Adaptação para a literatura do filme de Guillermo del Toro chega em edição de luxo, que tem ilustrações e capa dura

Publicado no Destak Jornal

As melhores histórias ficam com seus criadores eternamente. É por isso que J.K Rowling, por exemplo, não consegue deixar o universo de Harry Potter de lado, ou porque J.R.R. Tolkien escreveu vários livros e contos sobre o universo da Terra Média. Com o cineasta Guillermo del Toro, o processo não é diferente.
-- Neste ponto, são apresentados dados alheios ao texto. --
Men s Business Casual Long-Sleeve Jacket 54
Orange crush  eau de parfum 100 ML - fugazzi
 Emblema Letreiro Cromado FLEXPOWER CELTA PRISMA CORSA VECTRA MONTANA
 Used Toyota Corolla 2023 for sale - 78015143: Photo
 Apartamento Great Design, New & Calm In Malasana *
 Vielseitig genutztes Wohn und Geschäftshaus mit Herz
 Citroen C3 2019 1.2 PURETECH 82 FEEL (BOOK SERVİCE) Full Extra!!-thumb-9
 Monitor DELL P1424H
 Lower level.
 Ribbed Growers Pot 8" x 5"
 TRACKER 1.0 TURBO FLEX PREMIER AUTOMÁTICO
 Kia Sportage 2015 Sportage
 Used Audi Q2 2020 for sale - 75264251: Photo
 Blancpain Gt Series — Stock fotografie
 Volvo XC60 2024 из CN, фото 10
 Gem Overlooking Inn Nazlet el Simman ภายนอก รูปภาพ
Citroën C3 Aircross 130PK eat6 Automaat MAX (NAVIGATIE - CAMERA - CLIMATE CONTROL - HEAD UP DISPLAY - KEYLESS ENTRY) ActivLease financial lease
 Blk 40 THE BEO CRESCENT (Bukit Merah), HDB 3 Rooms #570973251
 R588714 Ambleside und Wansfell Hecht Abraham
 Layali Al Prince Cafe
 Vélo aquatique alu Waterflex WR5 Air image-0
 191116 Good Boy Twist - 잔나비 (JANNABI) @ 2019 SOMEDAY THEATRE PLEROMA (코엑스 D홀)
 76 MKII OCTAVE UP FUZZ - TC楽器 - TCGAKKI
Quando a fábula “O Labirinto do Fauno” chegou aos cinemas, ainda em 2006, o sucesso de crítica e público foi imediato. A mistura entre fantasia, sonho e realidade construído del Toro era tão palpável, incrível e desejável que automaticamente aquele cenário ficou preso na cabeça das milhares de pessoas que acompanharam a história nas telas, mas também na mente do seu criador, que até hoje é referenciado pela mesma. É por isso que o livro homônimo, escrito pelo próprio diretor e por Cornélia Funke (também uma mestre em fantasia, como “Coração de Tinta” no seu portfólio), tem como objetivo adentrar esse universo, misturando contos com a narrativa da protagonista Ofélia, no filme vivida por Ivana Baquero.

“Era uma vez uma floresta no norte da Espanha” dá o pontapé inicial para o livro, assim como o filme. Mas as semelhanças nos meros detalhes não param por aí. Assim como a obra cinematográfica, a literária vem acompanhada de um visual impressionante, do momento que você abre o livro, até a forma como os contos são intercalados. A edição de luxo é feita com um papel especial e uma capa dura convidativa, fator que pode garantir a atenção de uma criança menos interessada por expandir tal universo ou acompanhar um livro mais ou menos extenso. Mas, assim como o longa de 2006, essa parte da história faz isso perfeitamente. Até mesmo os tons azulados tão presentes na imagem de del Toro são fundamentais aqui, sendo que o livro é completo de detalhes azuis e cheio de alusões às criaturas que assolam o Labirinto em si.

Um dos motivos pelo qual “O Labirinto do Fauno” ainda se mostra uma história tão necessária, mesmo após todos esses anos, é a essência de suas personagens femininas, que carregam desejos e sonhos diferentes entre si e, eventualmente, vêm de lugares diferentes. A protagonista Ofélia, por exemplo, tira essa característica das páginas que lê tão avidamente. Esse aspecto ainda é reforçado pelo livro, mas dessa vez são casos de seu passado que estão em pauta, ajudando a entender algumas decisões que tomaram lugar e forma durante o longa.

De contraponto com essas personagens está o capitão Vidal, uma figura que carrega em si uma personalidade simples, quase ignorante e que é repleta de um sentimento frio adquirido após anos vivendo sob um regime totalitário. Sua relação com Ofélia é algo aprofundado mais aqui, bem como seu machismo quase velado, e sua frieza.

No mundo de Guillermo del Toro, o cinismo não existe e o lugar dele agora abre espaço para metáforas, simbologias e uma mitologia muito rica e detalhada, algo que se mistura de forma homogênea com o surrealismo político e atemporal apresentado pelo cineasta mexicano. Algo que não falta no livro também. Dessa forma, del Toro e Funke fazem o que parecia impossível: o processo reverso de transformar um filme em literatura. A missão, no entanto, é bem sucedida. “São poucos e raros aqueles que sabem para onde olhar e o que escutar. Mas, assim como nas melhores histórias, são esses que fazem a diferença”, diz a última frase do livro. Não é à toa que a força-tarefa com dois escritores resgatou exatamente o sentimento exposto na sentença.